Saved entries
------

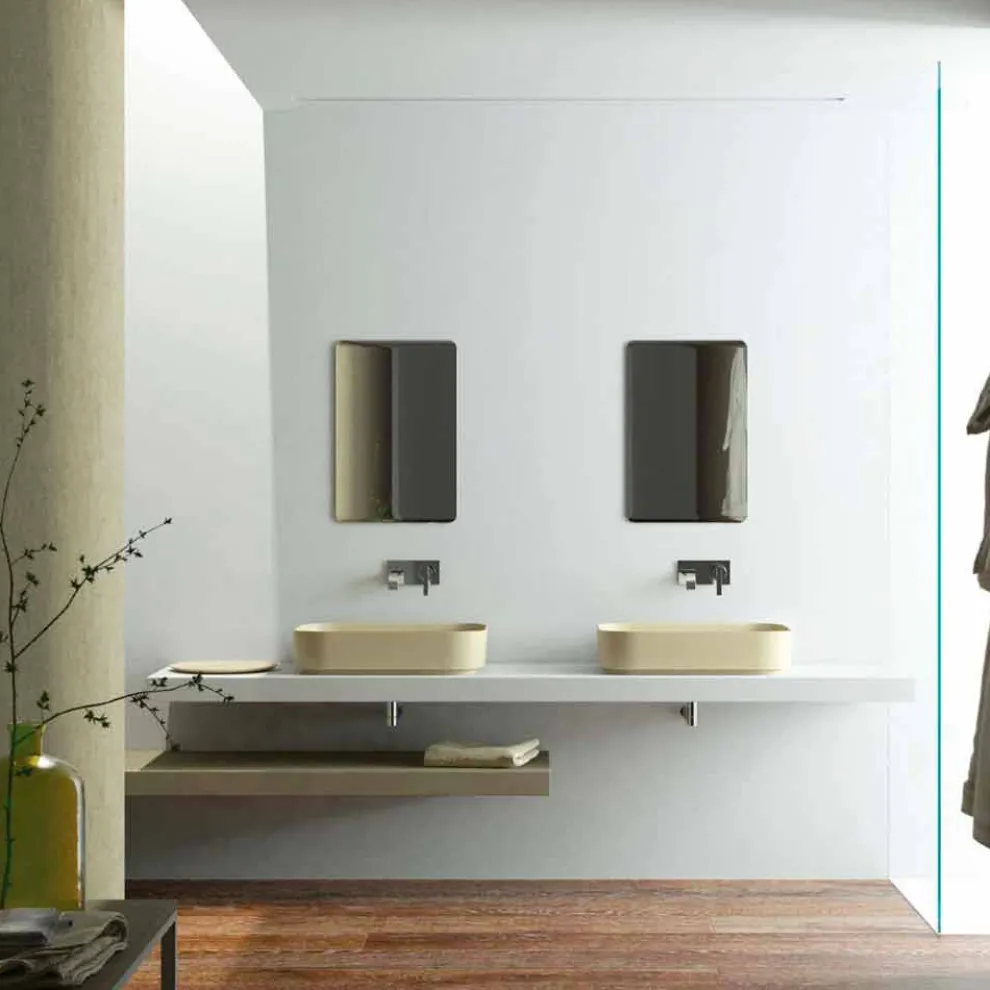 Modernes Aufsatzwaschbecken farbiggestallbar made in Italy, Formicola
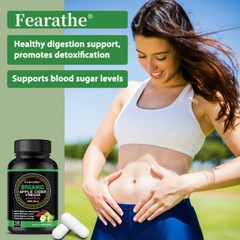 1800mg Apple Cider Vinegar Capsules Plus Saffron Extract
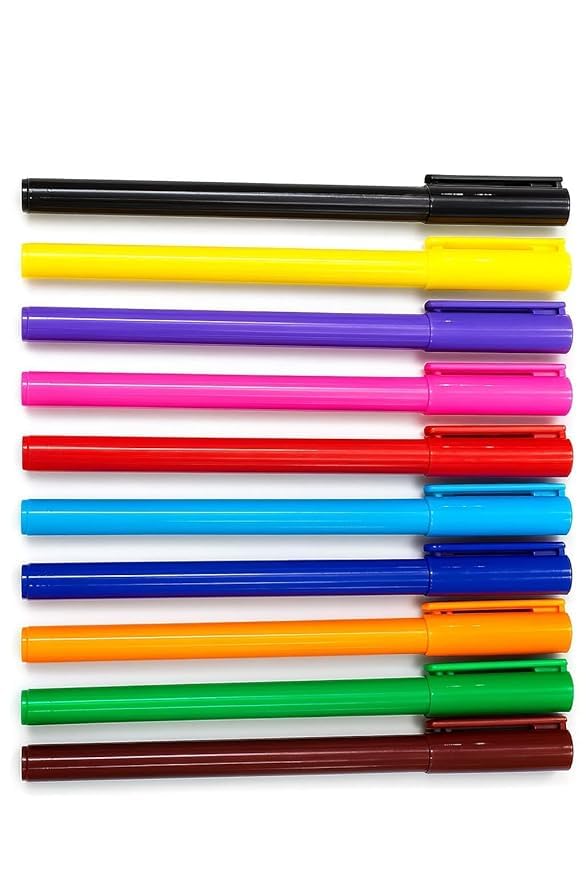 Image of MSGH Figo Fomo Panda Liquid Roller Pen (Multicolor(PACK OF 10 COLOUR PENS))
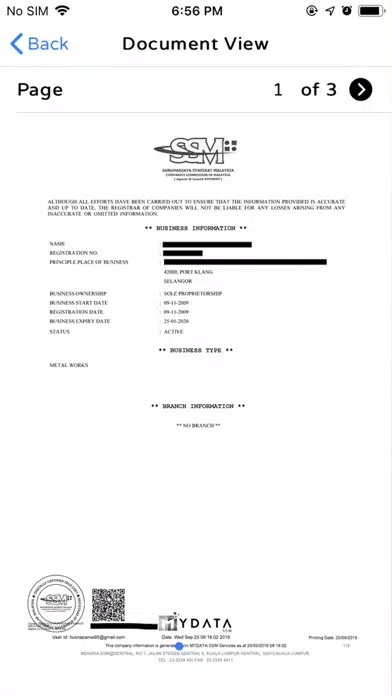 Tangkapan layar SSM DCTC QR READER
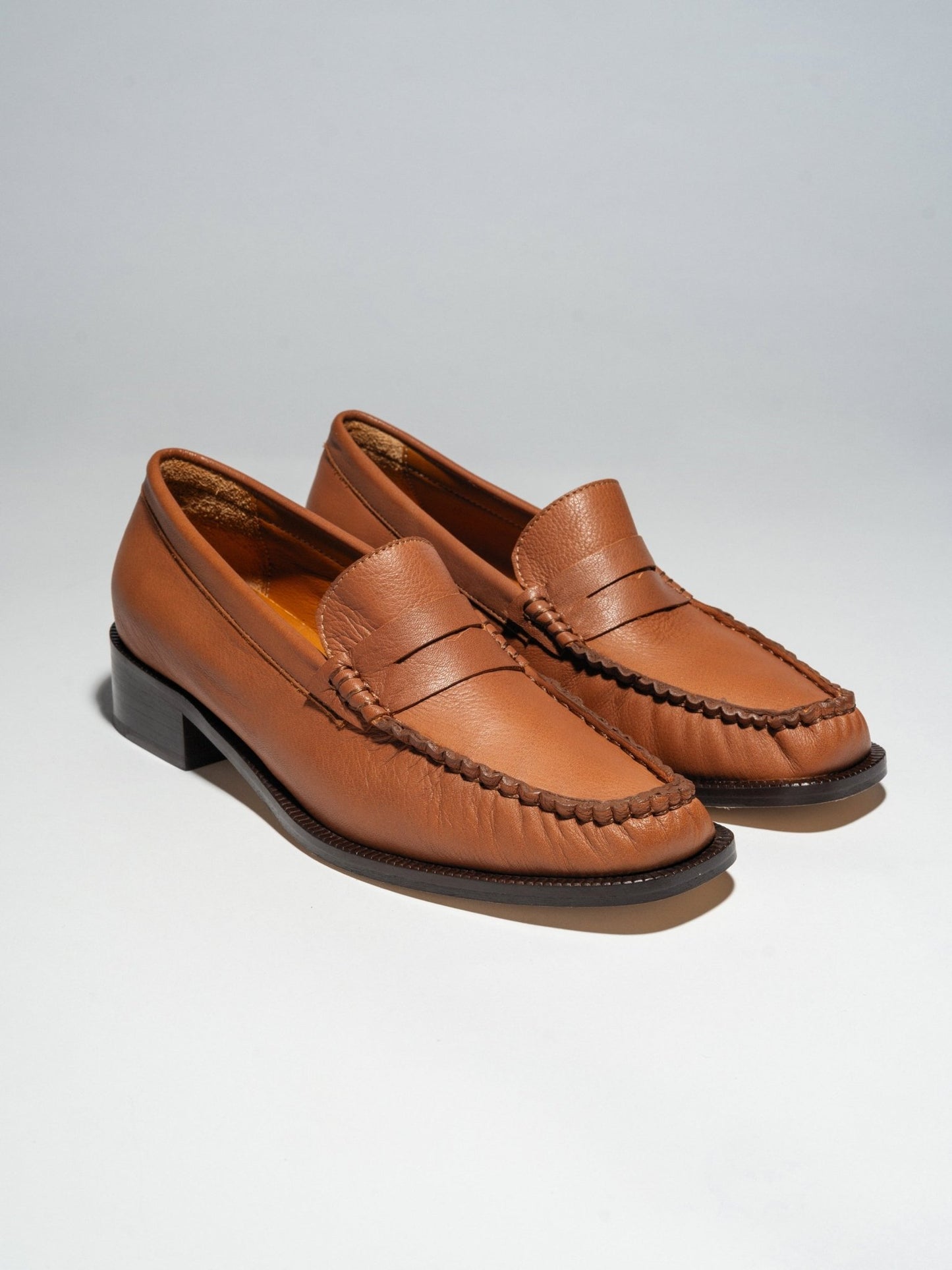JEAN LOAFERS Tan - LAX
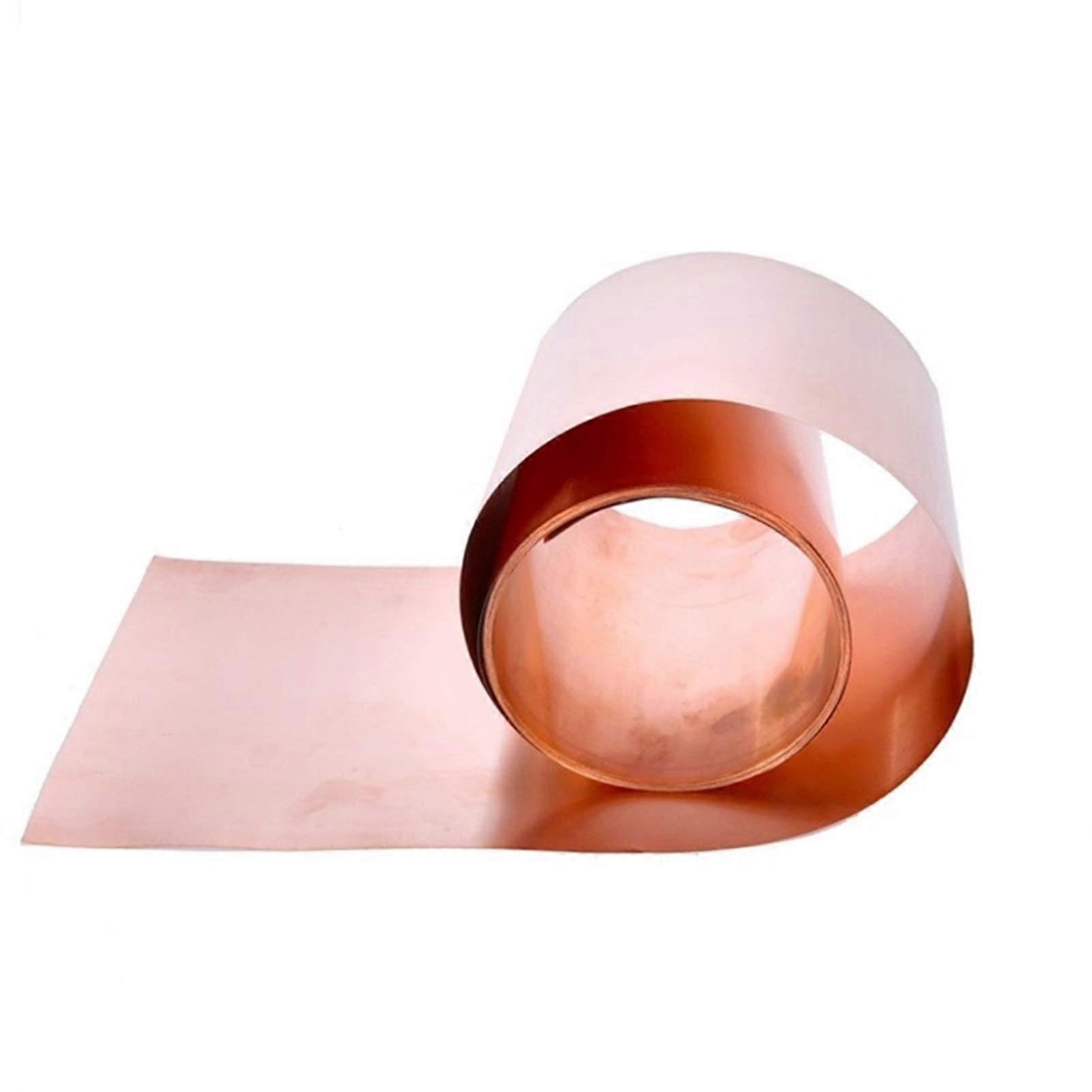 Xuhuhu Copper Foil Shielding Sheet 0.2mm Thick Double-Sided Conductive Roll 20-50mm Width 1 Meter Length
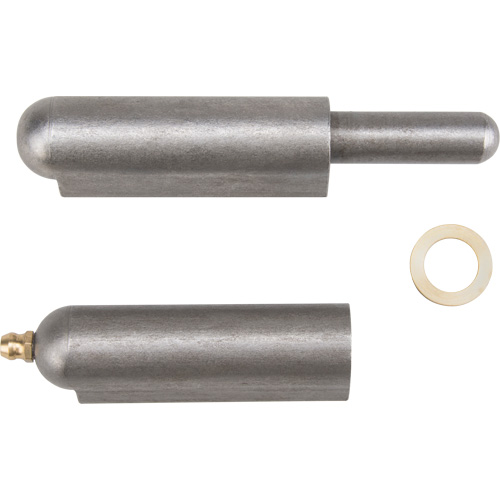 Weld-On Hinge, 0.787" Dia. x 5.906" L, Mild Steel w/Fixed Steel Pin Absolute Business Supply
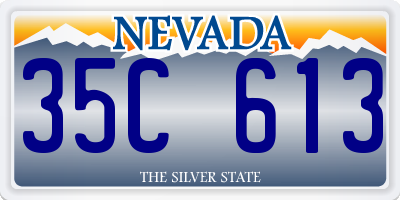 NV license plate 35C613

------

• Work to be completed: Please transcribe exactly the line containing "Tangkapan layar SSM DCTC QR READER" and every later line through the end of the records above, omitting pictures.

• Answer:
 Tangkapan layar SSM DCTC QR READER
JEAN LOAFERS Tan - LAX
 Xuhuhu Copper Foil Shielding Sheet 0.2mm Thick Double-Sided Conductive Roll 20-50mm Width 1 Meter Length
 Weld-On Hinge, 0.787" Dia. x 5.906" L, Mild Steel w/Fixed Steel Pin Absolute Business Supply
 NV license plate 35C613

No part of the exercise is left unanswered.